> _About this exercise_: Restate word for word only the lines from the one with "rất nhiều nhà" through the end of the records; no pictures belong in the copy.

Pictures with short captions
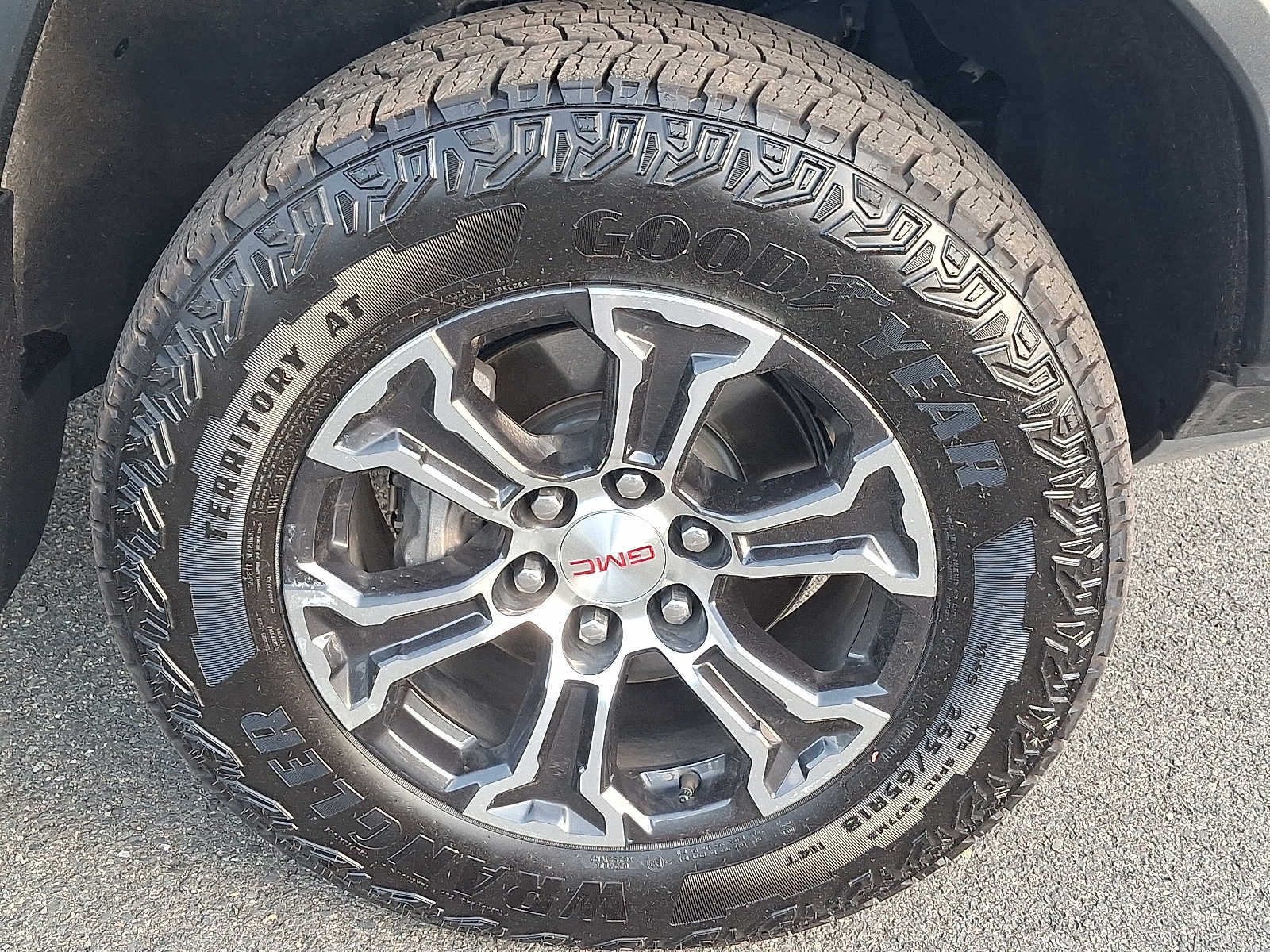 2023 GMC Canyon 4WD Crew Cab AT4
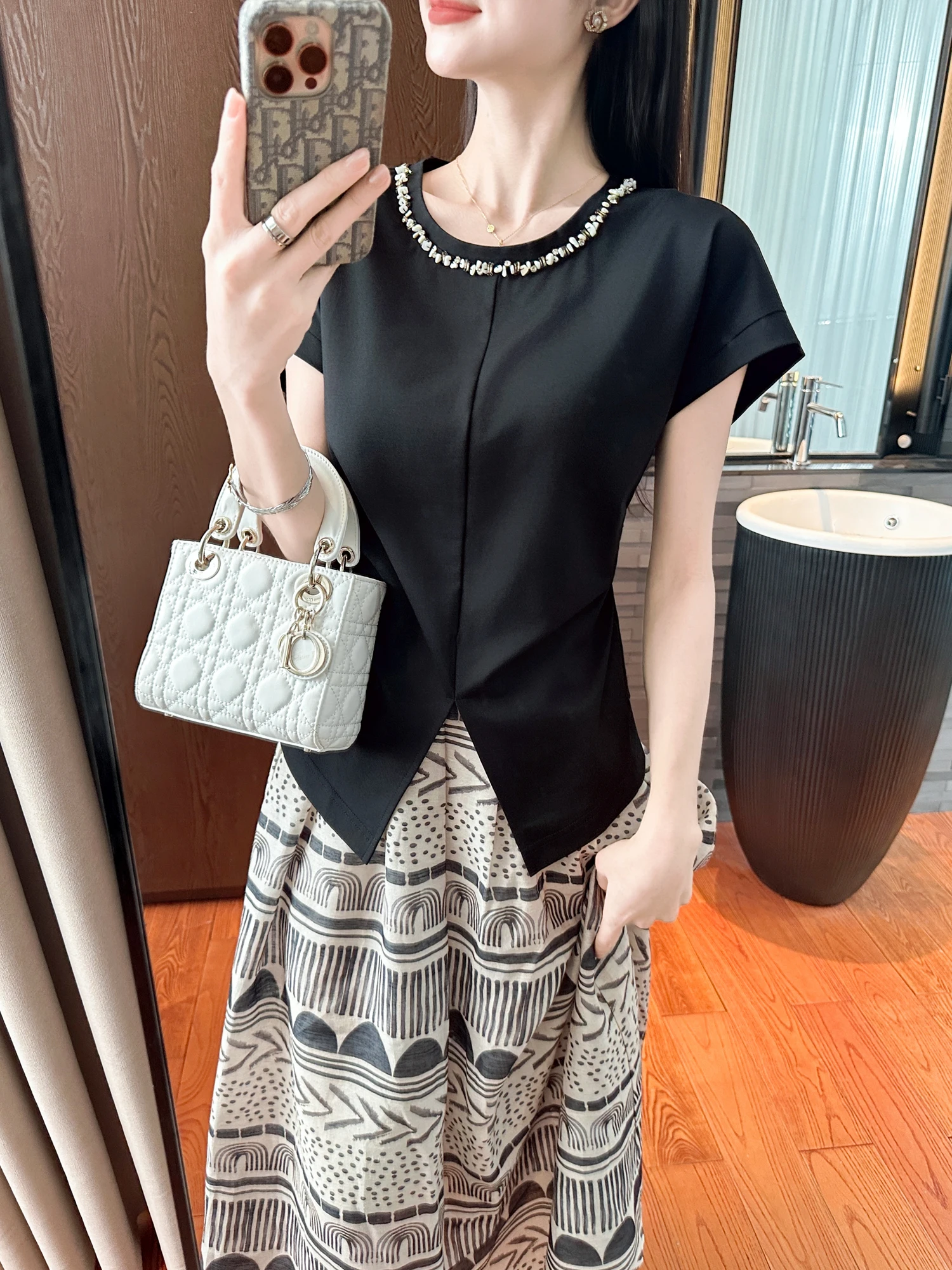 

Miu Style Handmade Beaded round Neck Split Design Top Women's Commute Simple Bright Thread Pure Color Splice 2026 Summer Shor...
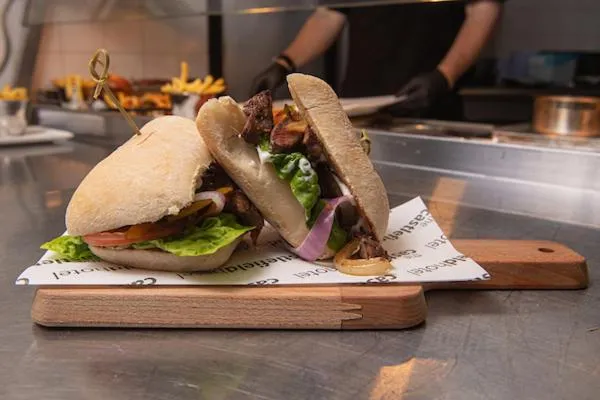 Restaurant/places to eat in Castlefield Hotel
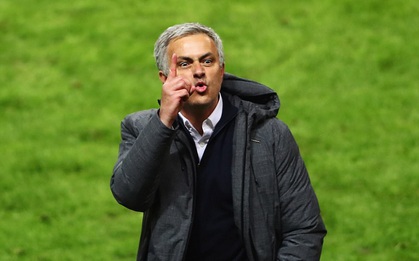 Mourinho: "Có rất nhiều nhà thơ trong bóng đá, nhưng họ không vô địch"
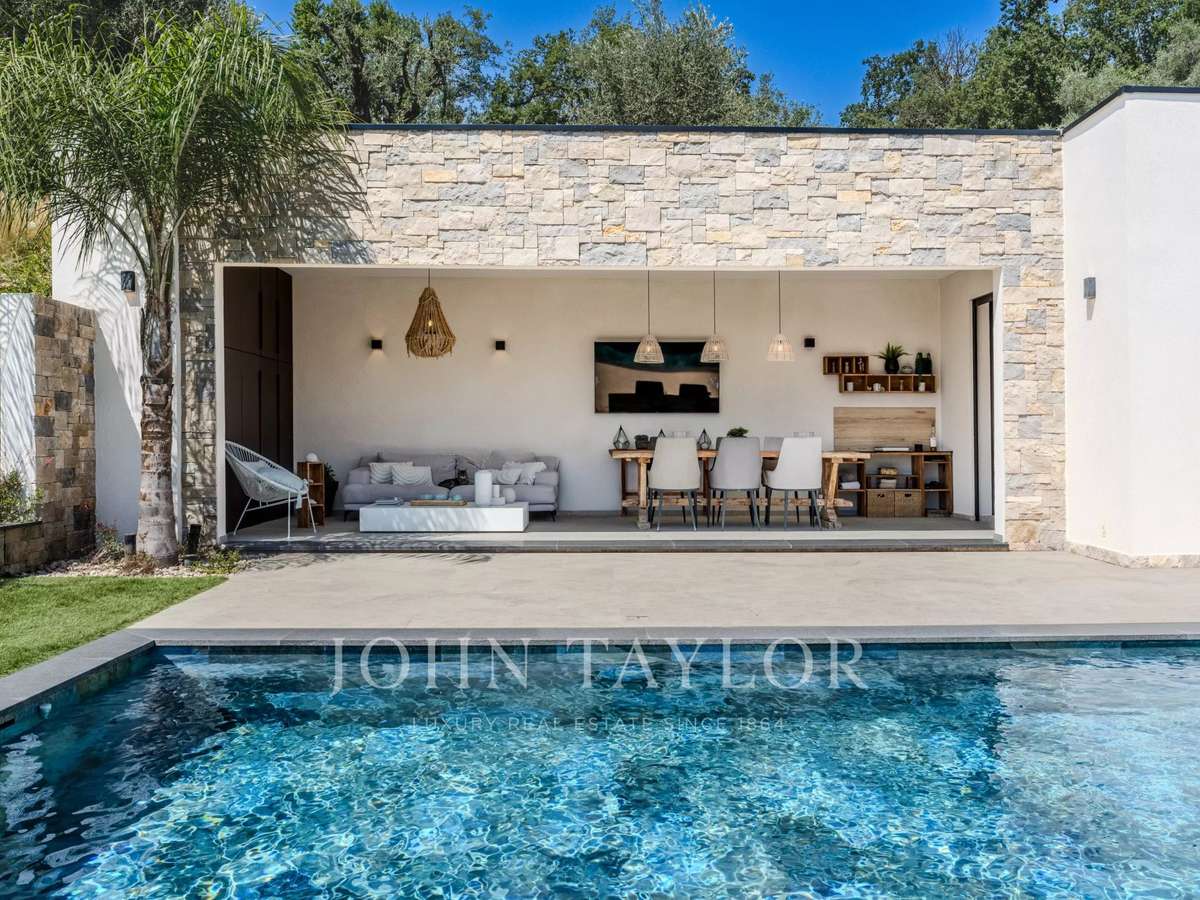House Opio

> _Expected answer_:
 Mourinho: "Có rất nhiều nhà thơ trong bóng đá, nhưng họ không vô địch"
House Opio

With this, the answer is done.